[RECORDS TO USE Boundary: Start]

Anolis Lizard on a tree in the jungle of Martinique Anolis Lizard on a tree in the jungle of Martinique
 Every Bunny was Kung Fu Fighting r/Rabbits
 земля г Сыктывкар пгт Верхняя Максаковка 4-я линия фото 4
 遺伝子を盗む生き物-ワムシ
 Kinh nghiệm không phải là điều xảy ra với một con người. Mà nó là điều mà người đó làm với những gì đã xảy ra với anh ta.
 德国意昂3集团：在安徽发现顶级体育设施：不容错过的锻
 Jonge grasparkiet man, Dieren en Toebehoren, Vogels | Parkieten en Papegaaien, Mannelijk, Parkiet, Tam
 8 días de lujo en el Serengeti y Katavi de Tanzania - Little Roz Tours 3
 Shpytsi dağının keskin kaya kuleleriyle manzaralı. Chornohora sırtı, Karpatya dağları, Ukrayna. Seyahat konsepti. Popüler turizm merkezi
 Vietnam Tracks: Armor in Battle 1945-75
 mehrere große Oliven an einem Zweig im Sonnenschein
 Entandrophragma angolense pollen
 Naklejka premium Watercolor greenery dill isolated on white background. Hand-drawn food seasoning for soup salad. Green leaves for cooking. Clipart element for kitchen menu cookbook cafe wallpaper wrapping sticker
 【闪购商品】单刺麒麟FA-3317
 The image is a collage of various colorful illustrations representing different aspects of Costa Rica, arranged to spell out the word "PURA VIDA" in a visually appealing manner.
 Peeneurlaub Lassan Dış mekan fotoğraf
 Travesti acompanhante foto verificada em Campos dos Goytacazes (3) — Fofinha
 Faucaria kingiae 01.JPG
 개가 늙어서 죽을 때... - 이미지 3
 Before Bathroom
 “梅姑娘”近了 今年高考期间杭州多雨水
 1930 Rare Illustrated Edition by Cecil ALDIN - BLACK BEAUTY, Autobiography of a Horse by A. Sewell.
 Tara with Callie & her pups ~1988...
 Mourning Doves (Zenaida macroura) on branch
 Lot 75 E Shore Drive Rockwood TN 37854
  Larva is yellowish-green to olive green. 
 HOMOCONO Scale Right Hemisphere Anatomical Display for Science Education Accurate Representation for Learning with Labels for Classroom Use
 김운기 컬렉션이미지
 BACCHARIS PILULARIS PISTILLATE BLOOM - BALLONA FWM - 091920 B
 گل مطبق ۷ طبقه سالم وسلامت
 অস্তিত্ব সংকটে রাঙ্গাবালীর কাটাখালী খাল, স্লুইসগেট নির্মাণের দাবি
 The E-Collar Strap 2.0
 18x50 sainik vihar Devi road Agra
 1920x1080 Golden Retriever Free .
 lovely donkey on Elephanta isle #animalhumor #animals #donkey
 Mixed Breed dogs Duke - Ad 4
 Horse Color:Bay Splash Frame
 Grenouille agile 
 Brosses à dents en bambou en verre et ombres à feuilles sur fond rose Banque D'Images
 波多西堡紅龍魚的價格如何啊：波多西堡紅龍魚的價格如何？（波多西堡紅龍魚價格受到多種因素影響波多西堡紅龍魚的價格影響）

[RECORDS TO USE Boundary: End]

• TASK DETAILS:
Find and copy each line above that includes the string "Horse".

• COMPLETED TASK:
 1930 Rare Illustrated Edition by Cecil ALDIN - BLACK BEAUTY, Autobiography of a Horse by A. Sewell.
 Horse Color:Bay Splash Frame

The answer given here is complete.